Researchers test hearing by looking at dilation of people's eyes

The approach is being developed as a potential way to test hearing in babies, young adults with developmental disabilities and adults suffering from a stroke or illness — populations where direct responses are not possible.

In the experiments, changes in pupil size of 31 adults were monitored with eye-tracking technology for about three seconds as they performed a traditional tone-based hearing test while also staring at an object on a monitor. Dilation in all subjects matched their subsequent push-button responses, when prompted by a question mark on the screen, signifying whether or not a tone was heard.

The project, detailed in an open-access paper published online last month in the Journal of the Association for Research in Otolaryngology, was inspired more than a decade ago when the study’s lead author, Avinash Singh Bala, noticed changes in the pupils of barn owls in response to unexpected noises in their environment.
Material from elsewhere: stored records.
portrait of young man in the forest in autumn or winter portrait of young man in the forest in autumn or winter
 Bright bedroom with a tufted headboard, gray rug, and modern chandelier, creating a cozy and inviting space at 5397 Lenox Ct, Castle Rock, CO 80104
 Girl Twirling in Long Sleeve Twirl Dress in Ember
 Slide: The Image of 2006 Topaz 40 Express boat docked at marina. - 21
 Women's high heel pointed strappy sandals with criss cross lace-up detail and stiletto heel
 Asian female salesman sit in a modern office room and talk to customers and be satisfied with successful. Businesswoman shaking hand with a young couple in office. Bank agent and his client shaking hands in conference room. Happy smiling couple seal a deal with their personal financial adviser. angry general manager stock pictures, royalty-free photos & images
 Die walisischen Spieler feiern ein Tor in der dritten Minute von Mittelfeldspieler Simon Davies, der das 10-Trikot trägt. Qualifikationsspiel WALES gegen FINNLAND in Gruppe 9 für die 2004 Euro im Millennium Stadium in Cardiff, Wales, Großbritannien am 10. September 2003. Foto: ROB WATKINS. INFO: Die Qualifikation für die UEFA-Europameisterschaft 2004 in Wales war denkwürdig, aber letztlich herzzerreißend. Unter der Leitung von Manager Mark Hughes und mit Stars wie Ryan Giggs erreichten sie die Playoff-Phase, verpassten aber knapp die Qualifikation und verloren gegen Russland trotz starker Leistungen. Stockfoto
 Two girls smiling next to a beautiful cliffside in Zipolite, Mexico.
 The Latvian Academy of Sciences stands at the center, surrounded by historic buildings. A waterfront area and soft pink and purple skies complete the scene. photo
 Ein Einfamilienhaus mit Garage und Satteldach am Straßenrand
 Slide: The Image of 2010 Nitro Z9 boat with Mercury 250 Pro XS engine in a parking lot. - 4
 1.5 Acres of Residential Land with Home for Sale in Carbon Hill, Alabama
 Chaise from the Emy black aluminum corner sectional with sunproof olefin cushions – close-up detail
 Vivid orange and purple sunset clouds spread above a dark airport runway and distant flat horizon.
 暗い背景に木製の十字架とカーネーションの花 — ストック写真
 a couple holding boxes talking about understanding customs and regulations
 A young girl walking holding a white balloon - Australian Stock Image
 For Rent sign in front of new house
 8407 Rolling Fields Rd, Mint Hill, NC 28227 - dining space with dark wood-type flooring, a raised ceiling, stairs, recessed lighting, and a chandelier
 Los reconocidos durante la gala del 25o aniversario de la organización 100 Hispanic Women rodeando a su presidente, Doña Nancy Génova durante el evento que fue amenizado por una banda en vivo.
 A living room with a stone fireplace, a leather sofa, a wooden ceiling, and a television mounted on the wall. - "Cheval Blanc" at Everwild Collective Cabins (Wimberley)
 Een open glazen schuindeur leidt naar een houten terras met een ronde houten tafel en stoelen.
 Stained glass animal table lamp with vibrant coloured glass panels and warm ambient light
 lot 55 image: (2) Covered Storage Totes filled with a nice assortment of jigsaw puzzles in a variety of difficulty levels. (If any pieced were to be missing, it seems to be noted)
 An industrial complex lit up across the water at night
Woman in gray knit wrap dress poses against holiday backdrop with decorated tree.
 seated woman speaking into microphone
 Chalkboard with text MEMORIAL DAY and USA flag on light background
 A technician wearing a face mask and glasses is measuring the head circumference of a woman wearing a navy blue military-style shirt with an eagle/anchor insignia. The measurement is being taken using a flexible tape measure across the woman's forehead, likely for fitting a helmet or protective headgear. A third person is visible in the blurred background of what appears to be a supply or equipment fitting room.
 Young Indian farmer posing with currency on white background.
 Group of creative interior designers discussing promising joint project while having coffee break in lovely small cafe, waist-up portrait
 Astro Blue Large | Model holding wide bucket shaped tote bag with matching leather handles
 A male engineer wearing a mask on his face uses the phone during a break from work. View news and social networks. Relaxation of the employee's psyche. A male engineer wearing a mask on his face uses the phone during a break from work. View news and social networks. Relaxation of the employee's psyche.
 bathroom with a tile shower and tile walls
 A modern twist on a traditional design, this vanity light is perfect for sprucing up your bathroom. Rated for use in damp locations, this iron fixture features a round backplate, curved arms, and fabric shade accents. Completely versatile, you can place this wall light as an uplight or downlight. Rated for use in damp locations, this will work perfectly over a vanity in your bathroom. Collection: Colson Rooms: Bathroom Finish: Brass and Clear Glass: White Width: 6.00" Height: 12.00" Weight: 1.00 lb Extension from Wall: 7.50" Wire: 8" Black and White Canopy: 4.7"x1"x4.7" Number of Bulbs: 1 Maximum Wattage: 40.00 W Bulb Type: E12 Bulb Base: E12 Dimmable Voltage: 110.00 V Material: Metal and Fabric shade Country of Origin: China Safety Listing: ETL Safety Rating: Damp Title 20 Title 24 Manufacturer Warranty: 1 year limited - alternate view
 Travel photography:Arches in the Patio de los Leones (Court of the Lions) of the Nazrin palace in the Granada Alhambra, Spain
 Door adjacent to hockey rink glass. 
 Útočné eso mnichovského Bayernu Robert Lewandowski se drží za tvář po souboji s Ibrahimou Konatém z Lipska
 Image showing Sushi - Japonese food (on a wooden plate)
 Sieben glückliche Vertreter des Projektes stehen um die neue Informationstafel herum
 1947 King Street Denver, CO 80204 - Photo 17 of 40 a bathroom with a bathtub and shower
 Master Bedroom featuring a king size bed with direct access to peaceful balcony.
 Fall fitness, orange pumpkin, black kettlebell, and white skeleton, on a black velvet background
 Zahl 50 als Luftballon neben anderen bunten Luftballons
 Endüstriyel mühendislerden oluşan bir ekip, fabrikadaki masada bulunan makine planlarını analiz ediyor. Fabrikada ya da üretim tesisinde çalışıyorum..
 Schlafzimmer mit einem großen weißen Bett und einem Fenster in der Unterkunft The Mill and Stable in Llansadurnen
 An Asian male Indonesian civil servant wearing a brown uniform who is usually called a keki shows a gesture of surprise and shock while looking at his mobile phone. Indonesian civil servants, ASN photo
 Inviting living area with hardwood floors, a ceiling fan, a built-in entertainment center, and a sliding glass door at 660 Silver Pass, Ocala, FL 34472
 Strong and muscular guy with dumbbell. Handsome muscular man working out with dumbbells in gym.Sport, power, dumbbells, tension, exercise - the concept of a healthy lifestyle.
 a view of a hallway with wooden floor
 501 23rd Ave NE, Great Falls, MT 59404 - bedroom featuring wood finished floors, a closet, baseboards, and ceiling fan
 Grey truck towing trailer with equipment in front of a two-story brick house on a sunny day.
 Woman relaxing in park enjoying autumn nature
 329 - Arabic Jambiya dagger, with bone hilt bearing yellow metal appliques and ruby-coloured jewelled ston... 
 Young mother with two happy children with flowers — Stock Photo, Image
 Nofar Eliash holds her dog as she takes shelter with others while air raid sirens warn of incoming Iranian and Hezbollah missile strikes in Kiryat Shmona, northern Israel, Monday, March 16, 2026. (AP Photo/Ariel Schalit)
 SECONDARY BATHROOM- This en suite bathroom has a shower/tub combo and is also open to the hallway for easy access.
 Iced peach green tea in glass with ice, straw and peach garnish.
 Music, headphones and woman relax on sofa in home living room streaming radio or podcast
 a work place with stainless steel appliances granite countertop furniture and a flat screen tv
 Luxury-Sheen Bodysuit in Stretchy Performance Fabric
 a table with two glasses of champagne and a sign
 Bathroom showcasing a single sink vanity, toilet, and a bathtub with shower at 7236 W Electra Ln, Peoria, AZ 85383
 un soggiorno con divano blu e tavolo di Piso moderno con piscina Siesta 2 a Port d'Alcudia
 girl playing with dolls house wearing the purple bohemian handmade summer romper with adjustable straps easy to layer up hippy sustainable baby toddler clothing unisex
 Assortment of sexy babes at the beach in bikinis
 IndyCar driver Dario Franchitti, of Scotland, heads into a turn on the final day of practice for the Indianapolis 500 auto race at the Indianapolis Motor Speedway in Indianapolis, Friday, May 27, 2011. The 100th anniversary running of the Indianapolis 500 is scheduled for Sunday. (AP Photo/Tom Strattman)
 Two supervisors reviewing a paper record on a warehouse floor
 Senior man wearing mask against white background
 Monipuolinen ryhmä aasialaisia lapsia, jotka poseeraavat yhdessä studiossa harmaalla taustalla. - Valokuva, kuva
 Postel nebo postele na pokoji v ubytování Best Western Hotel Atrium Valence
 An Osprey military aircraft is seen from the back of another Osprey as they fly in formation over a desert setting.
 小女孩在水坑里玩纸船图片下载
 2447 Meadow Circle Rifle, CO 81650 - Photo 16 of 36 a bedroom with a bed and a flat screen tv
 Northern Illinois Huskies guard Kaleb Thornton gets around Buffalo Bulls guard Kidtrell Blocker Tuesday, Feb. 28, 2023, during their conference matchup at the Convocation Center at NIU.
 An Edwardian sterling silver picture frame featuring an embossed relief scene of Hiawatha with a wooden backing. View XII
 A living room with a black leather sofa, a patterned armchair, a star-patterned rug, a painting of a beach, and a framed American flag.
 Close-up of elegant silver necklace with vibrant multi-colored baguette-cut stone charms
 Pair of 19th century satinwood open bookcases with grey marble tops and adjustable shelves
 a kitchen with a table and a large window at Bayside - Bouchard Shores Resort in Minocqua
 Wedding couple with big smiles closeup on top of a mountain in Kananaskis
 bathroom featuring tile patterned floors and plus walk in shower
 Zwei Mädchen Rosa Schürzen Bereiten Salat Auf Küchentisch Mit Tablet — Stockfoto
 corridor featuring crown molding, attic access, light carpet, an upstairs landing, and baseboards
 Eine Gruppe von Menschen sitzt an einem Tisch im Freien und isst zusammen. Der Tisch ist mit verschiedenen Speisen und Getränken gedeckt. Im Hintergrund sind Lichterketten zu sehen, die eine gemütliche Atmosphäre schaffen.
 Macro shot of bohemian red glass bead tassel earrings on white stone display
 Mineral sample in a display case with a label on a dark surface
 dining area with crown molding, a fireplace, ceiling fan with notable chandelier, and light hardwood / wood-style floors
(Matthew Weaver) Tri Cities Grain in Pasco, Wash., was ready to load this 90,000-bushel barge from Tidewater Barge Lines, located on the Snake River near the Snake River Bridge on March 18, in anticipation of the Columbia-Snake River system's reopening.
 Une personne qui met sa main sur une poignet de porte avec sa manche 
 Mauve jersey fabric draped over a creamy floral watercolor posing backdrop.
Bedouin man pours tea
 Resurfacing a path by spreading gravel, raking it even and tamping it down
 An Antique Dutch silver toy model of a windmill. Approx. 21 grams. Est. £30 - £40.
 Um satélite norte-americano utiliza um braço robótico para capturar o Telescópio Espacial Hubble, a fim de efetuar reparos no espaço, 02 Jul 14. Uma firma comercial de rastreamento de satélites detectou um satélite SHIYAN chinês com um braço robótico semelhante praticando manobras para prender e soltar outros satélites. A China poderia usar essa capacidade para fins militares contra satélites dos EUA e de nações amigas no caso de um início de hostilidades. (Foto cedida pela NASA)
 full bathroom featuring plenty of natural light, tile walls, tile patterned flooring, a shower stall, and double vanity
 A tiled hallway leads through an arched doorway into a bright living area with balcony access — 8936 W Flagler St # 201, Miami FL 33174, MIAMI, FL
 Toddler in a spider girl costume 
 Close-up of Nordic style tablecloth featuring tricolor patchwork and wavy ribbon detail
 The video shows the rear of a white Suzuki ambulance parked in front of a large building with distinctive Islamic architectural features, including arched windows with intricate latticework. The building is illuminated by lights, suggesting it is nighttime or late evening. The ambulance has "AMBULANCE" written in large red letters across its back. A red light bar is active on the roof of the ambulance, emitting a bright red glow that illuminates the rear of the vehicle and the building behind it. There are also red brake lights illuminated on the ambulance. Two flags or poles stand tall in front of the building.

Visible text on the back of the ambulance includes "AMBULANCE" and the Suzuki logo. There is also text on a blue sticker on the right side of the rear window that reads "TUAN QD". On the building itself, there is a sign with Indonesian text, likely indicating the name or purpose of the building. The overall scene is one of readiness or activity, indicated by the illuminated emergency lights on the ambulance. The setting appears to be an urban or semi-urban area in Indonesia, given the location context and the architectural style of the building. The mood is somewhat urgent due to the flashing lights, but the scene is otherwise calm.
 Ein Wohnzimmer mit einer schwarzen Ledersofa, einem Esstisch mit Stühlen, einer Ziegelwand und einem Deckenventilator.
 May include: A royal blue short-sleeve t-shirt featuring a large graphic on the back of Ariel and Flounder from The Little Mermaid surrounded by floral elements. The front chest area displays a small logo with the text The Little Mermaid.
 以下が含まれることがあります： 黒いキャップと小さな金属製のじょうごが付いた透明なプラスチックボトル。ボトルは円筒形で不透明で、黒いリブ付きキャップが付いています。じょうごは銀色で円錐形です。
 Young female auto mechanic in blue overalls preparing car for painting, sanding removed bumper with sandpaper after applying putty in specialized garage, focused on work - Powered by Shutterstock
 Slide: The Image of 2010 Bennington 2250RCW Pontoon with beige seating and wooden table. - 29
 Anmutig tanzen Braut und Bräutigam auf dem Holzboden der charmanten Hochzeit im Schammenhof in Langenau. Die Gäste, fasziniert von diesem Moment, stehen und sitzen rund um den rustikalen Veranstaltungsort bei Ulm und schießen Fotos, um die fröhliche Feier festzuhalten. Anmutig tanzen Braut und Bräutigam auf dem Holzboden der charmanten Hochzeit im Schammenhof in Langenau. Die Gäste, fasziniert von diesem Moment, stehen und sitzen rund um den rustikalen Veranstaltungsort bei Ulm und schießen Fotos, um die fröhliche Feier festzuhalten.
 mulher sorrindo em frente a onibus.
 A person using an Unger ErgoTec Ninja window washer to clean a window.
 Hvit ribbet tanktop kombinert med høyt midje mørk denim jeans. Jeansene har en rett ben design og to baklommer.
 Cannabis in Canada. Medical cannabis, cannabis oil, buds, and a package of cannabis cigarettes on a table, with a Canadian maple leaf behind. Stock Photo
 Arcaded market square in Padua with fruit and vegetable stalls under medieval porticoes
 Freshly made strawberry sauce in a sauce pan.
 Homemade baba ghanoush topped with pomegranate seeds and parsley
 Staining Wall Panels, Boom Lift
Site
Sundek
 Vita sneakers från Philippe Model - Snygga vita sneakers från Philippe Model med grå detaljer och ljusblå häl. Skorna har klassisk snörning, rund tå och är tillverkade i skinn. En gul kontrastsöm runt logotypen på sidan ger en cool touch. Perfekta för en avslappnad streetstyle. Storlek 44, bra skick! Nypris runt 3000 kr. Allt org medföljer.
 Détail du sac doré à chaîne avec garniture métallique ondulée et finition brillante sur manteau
In the interim, Bala and co-author Terry T. Takahashi — whose lab studies how owls hear and process sounds — researched how an eye-focused hearing exam could produce results with the same sensitivity as traditional tone-based exams.

“This study is a proof of concept that this is possible,” said Bala, a researcher in Takahashi’s lab in the UO Institute of Neuroscience. “The first time we tested a human subject’s pupil response was in 1999. We knew it could work, but we had to optimize the approach for capturing the detection of the quietest sounds.”

In the research, a traditional hearing exam and eye-tracking methods were done simultaneously to allow for comparison. A dot appeared on the screen, and tones at 1, 2, 4 and 8 kilohertz were played at randomized delays to make sure subjects couldn’t predict when the sound would appear.

Pupil size was tracked for at least one second before the sound, and two seconds after the sound. Then, the dot on the screen changed to a question mark, cuing participants to push one of two buttons to indicate whether or not they heard the sound. Since just pushing a button can change pupil size, the button press task was delayed until after pupil size had been tracked for two seconds.

“In this project we randomized the timing of the tone’s pulsing in relation to the dots, which also helped us avoid the expectation of a tone within a pattern,” said Takahashi, a professor of biology and member of the Institute of Neuroscience.

Pupils began to change within 250 milliseconds, about one quarter of a second, of the sound stimulus. The swiftness of the response, Bala said, allowed the team “to see and establish causality.”

“What we found was that pupil dilation was as sensitive as the button-press method,” Bala said. “We had presented early data analyses at conferences, and there was a lot of resistance to the idea that by using an involuntary response we could get results as good as button-press data.”

Internal grants from the UO supported the research. Elizabeth A. Whitchurch, a former doctoral student now at Humboldt State University, was a co-author.

“A pupil dilation test is not as useful in adults, who can communicate with the tester,” Takahashi said. “The utility of the method is in testing people who can’t tell us whether they heard a sound — for example, babies.”

Takahashi and Bala are now part of a university-supported collaboration with Dare Baldwin, a UO psychology professor, to test the approach in babies. The two neuroscientists also have formed a UO spinout, Perceptivo LLC, to pursue development of an infant-hearing assessment.